A show of hands: anyone out there remember Pennsauken Mart?
OK, you can put your hands down. If you do remember, then you’ll know of what I speak. Perpetually underlit and maze-like, Pennsauken Mart had an element of shadiness and intrigue. The businesses located in the Mart were more street fair stands than well-established stores, having walls notwithstanding. But treasures you could find! I remember digging through endless stacks of vinyl records to find out of print gems – like an original Chicago VII album with the textured album cover; cost: $1. You also had a number of food vendors there, serving up a myriad of items. And yet with all the bargains you could find if you rummaged through enough piles of stuff, you invariably left the place wanting to take a shower. The Mart was, como se dice, a bit unsavory.
But the Mart is no more.
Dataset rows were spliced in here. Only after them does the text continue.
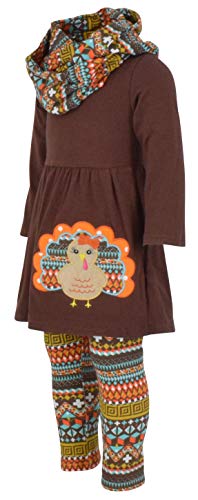 Unique Baby Girls 3 Piece Colorful Aztecan Thanksgiving Turkey Legging Set (3t/S, Brown) from 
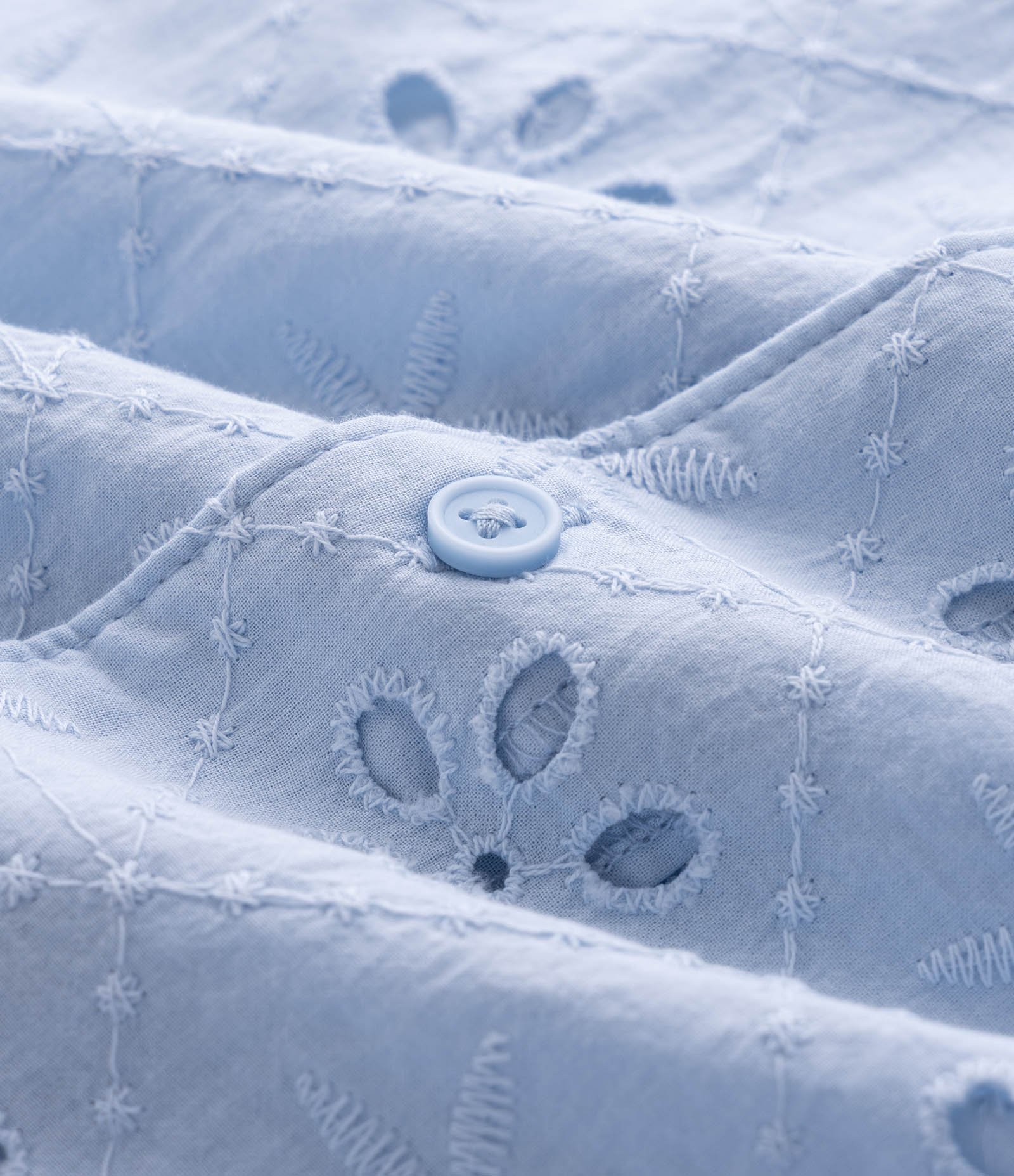 Camisa Boxy Manga Curta em Laise Floral Azul 7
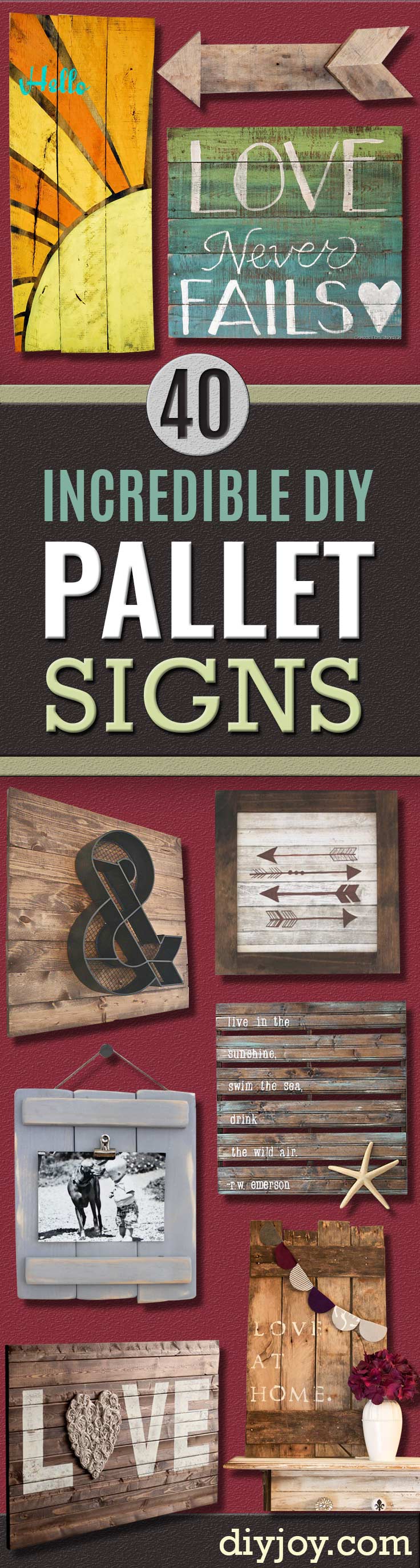 DIY Pallet sign Ideas - Cool Homemade Wall Art Ideas and Pallet Signs for Bedroom, Living Room, Patio and Porch. Creative Rustic Decor Ideas on A Budget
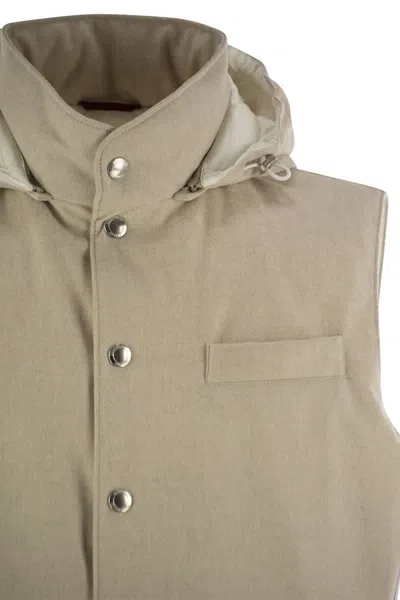 Brunello Cucinelli Men Sleeveless Down Jacket In Membraned Wool Flannel With Detachable Hood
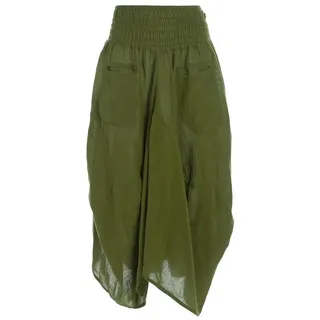 Vishes Maxirock Knöchel-Langer Luftiger Damen Sommer-Rock Einfarbig Sommerröcke Goa, Hippie, Boho Style grün 40-44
Eminent domain took it away some years ago, leaving all those business owners collectively out on the curb.
Some background: The Grand Marketplace was The Village Mall back in the ’70s when I was a kid (I think I remember a miniature golf course inside), but had hit hard times. After a number of attempts to revive itself, The Village Mall had finally succumbed and laid dormant. But the old place was going to get new life, and it would be in the form of all those displaced vendors from Pennsauken Mart. The Village Mall was renamed The Grand Marketplace, and a new indoor flea market was born.
So why the hecks am I telling all of this? Well, being that we have a bit of a penchant for food events, we had heard that the Grand Marketplace was holding a hot wing contest. We had also heard that there was a pretty good Amish market there, so that gave us enough reason to go.
Well, this is not your father’s Pennsauken Mart. In comparison to the mart, The Grand Marketplace is downright palatial. And reasonably well-lit. It’s still not like shopping at, say, Nordstrom (it is, after all, still a flea market), but a marked improvement nonetheless.
Now if you’ve been following along on our blog, you know that we sometimes get to events a little late. Well, our late arriving selves struck again! We completely missed the wing competition. Darn. BUT – we still had the Amish market to peruse. And we’re glad that we did.
We first had to settle down our hunger pangs, so we shared a hand wrapped pretzel from the market. Soft and chewy, with a little sweetness, it was a lovely pretzel – much better than anything from Auntie Anne’s.
While Julian and I finished the pretzel, Lisa did some shopping in the market. While the selection of vegetables was decent, it was the homemade food items that were the most intriguing. Lisa picked up a couple of jars of homemade jelly as well as a glass jug of homemade root beer, the likes I had not tasted since my late Grandma Howard’s so many years ago. One of these days, I’m going to find her recipe and make it myself.
The pretzel was not going to hold us, so we decided to get a more substantial meal. We grabbed some fried chicken at the market and dug right in to the goodness. Next to what you can get in the South, fried chicken from an Amish restaurant is about as good as you can find. Seriously. The best fried chicken I’ve ever had was Mrs Wilkes in Savannah; the next best was at an Amish restaurant in Pennsylvania. While not quite as good as those experiences, the chicken we had was excellent: nice and crispy on the outside, but still very juicy inside.
After devouring our plate of chicken, it was off to explore some more. Now I had been viewing The Grand Marketplace’s website and had been intrigued by their food court. There seemed to be a nice variety of choices, and they looked to be a little different than your typical mall fare. And they were. Instead of pseudo-ethnic places, many of the food vendors looked like real mom-and-pop establishments. Not sure which place to sample, we came across a Filipino BBQ counter (where the sign up top was located) that was advertising Meat On A Stick. Well…how could one turn down Meat On A Stick? We picked up the pork version of Meat On A Stick…and it was pretty tasty!
So, Willingboro may not be your first destination for food, but if you’re ever on Route 130, there’s enough interesting food experiences at The Grand Marketplace to make it worth a stop. And you won’t feel the need to shower afterwards.